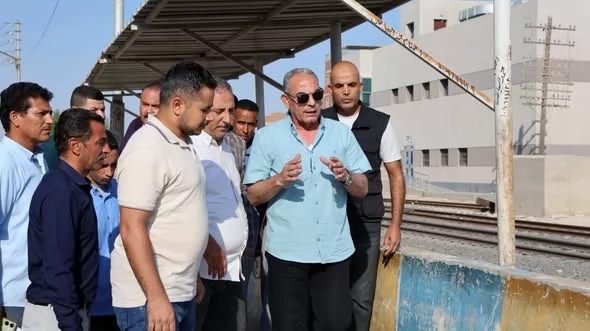 محافظ الإسماعيلية يتفقد مستوى الخدمات في أبوصوير..صور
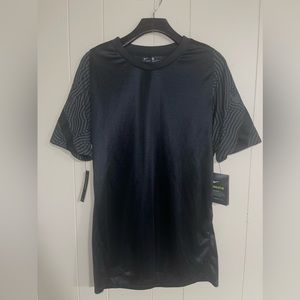 Nike Breathe Workout Shirt (New)
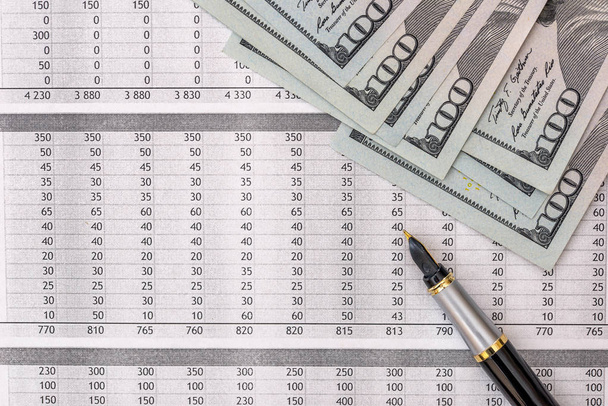 Финансовый отчет с нами доллар, ручка
 - Фото, изображение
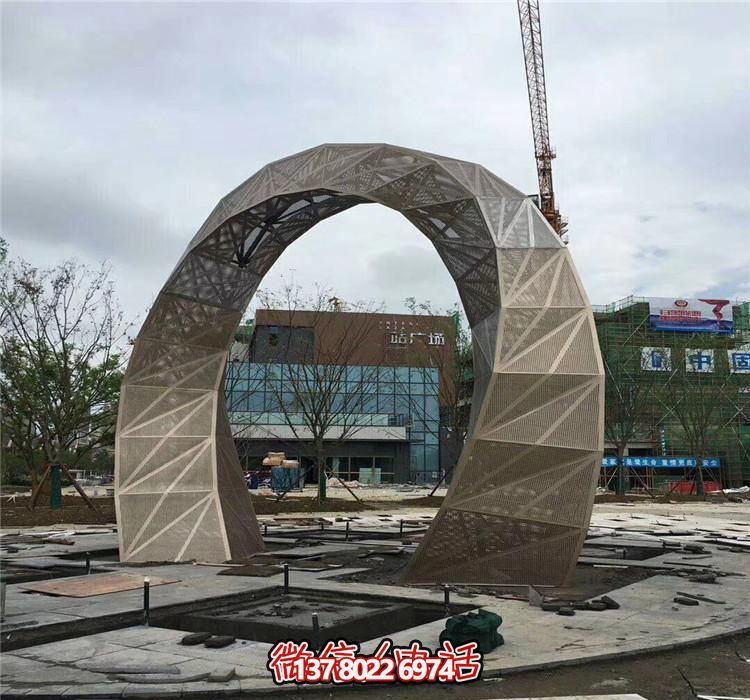 不銹鋼網(wǎng)格拱門雕塑，點綴廣場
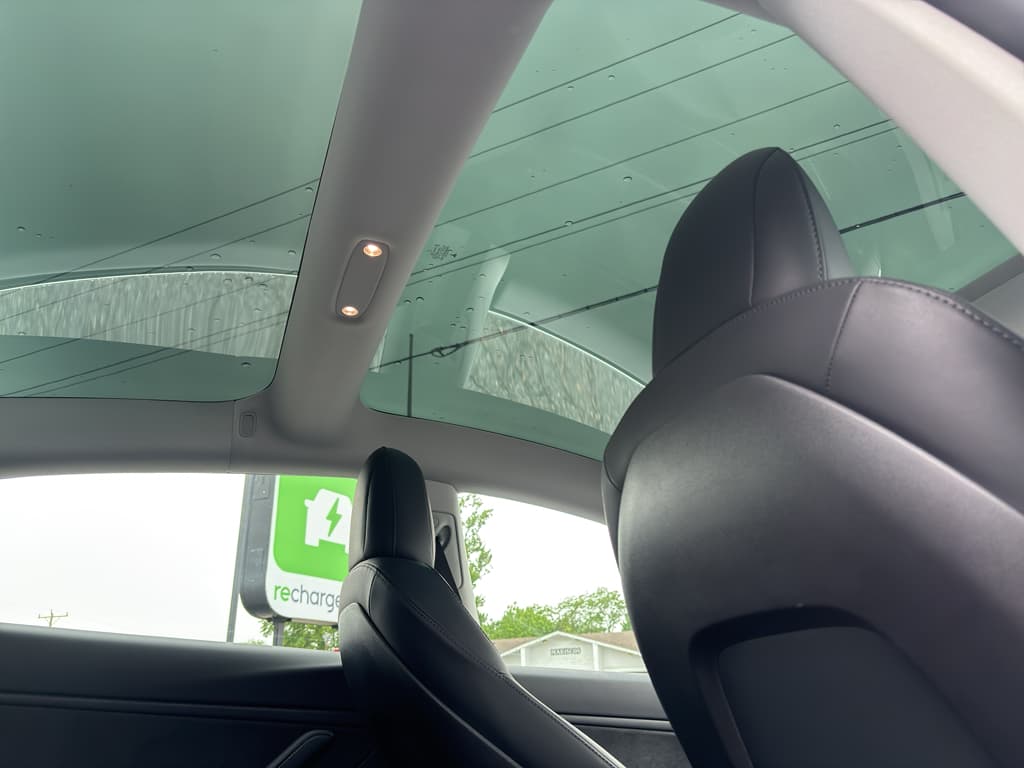 2019 Tesla Model 3 view 18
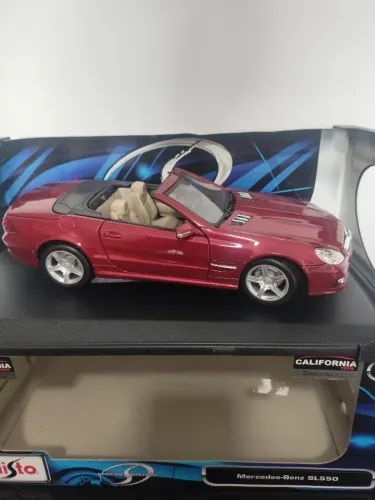 Miniatura Mercedes Bens SL550 escala 1/18, Maisto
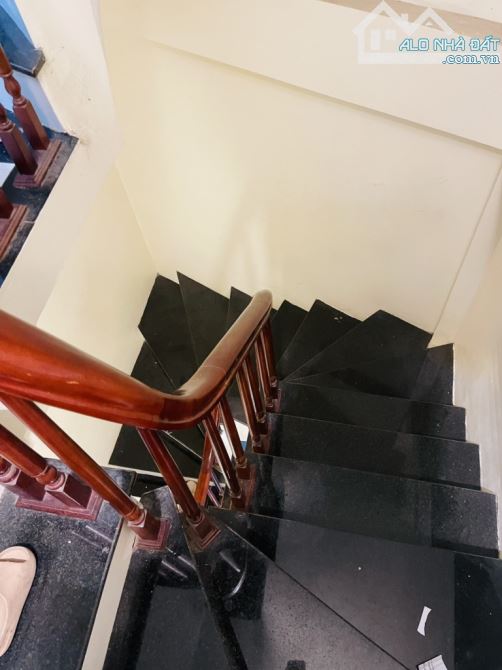 Bán nhà nguyễn chính 45m2 5 tầng còn mới – Sân trồng cây để xe - giá 7.85 tỷ - 5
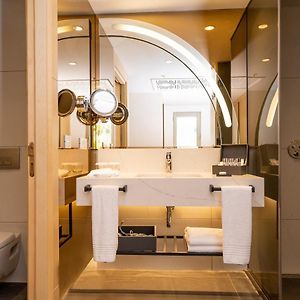 Deluxe Zimmer mit zwei Einzelbetten und mit Schwimmbadblick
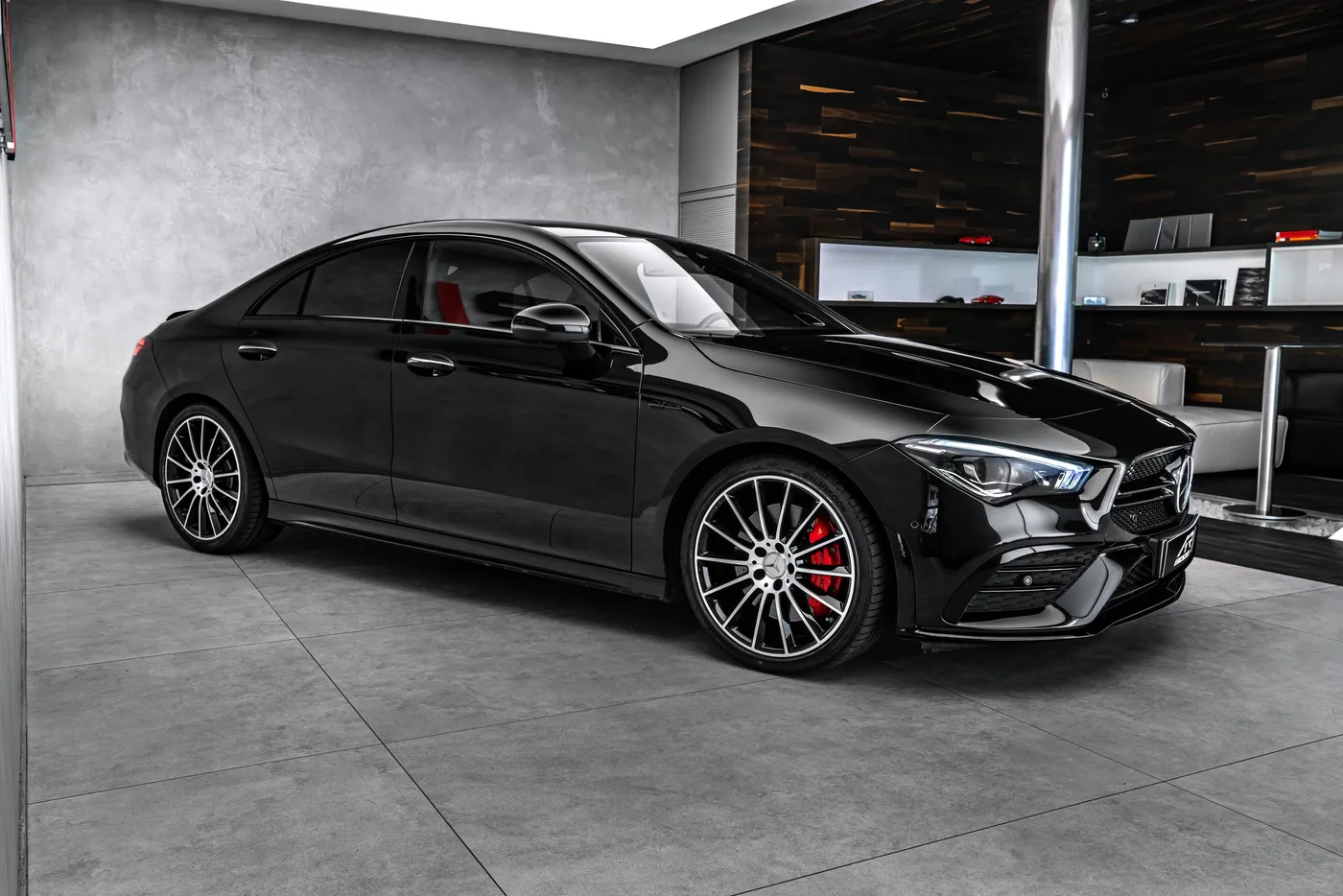 2024 Mercedes-AMG CLA 35 4MATIC proposée par un concessionnaire spécialisé à Ostrava, Tchéquie, photo 4 sur 23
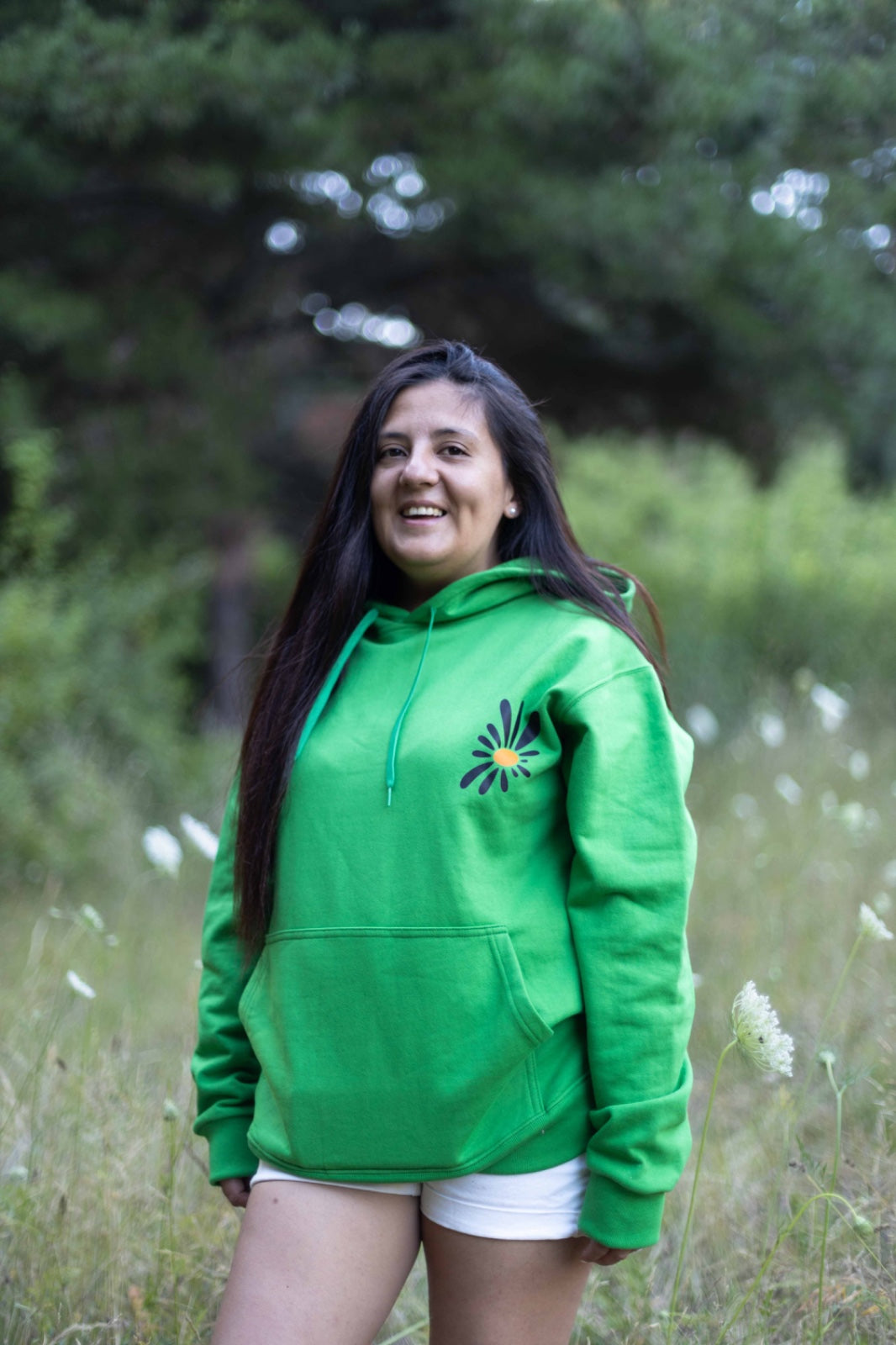 Poleron Unisex Canguro Jardin de Margaritas Verde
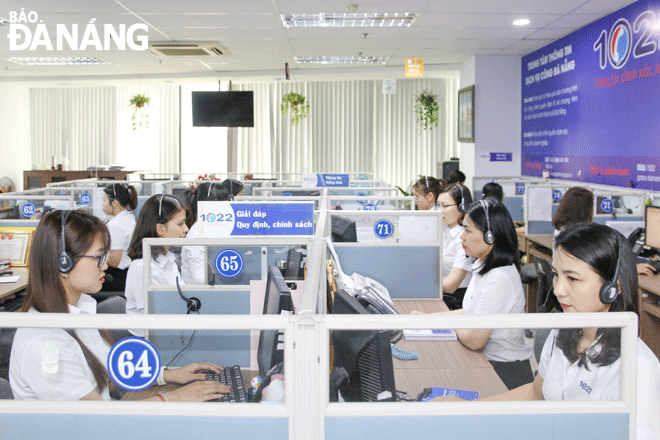Thành phố sẽ thực hiện chuyển đổi số tổng thể, toàn diện trên cả 3 trụ cột là chính quyền số, kinh tế số và xã hội số. TRONG ẢNH: Nhân viên Trung tâm Thông tin dịch vụ công Đà Nẵng tiếp nhận và giải đáp các thông tin dịch vụ công trong đó có xây dựng thành phố thông minh và chuyển đổi số. Ảnh: P.V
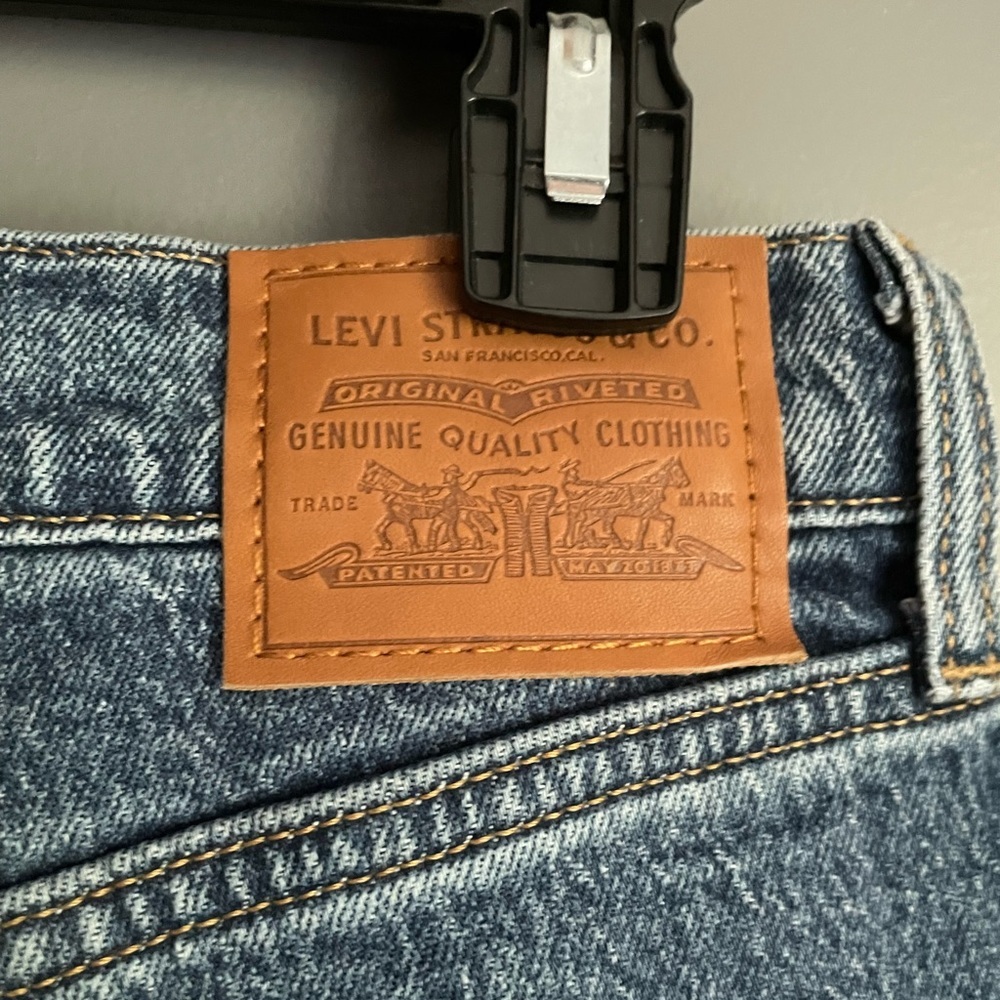Levi’s 70s High Flare Distressed Jeans Womens Size 31 - Picture 6 of 7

##############################

EXERCISE. Produce the lines from the first line of the entries through the line that contains "2019 Tesla Model 3 view 18", exactly, leaving the pictures behind.

YOUR SOLUTION.
 محافظ الإسماعيلية يتفقد مستوى الخدمات في أبوصوير..صور
 Nike Breathe Workout Shirt (New)
 Финансовый отчет с нами доллар, ручка
 - Фото, изображение
 不銹鋼網(wǎng)格拱門雕塑，點綴廣場
 2019 Tesla Model 3 view 18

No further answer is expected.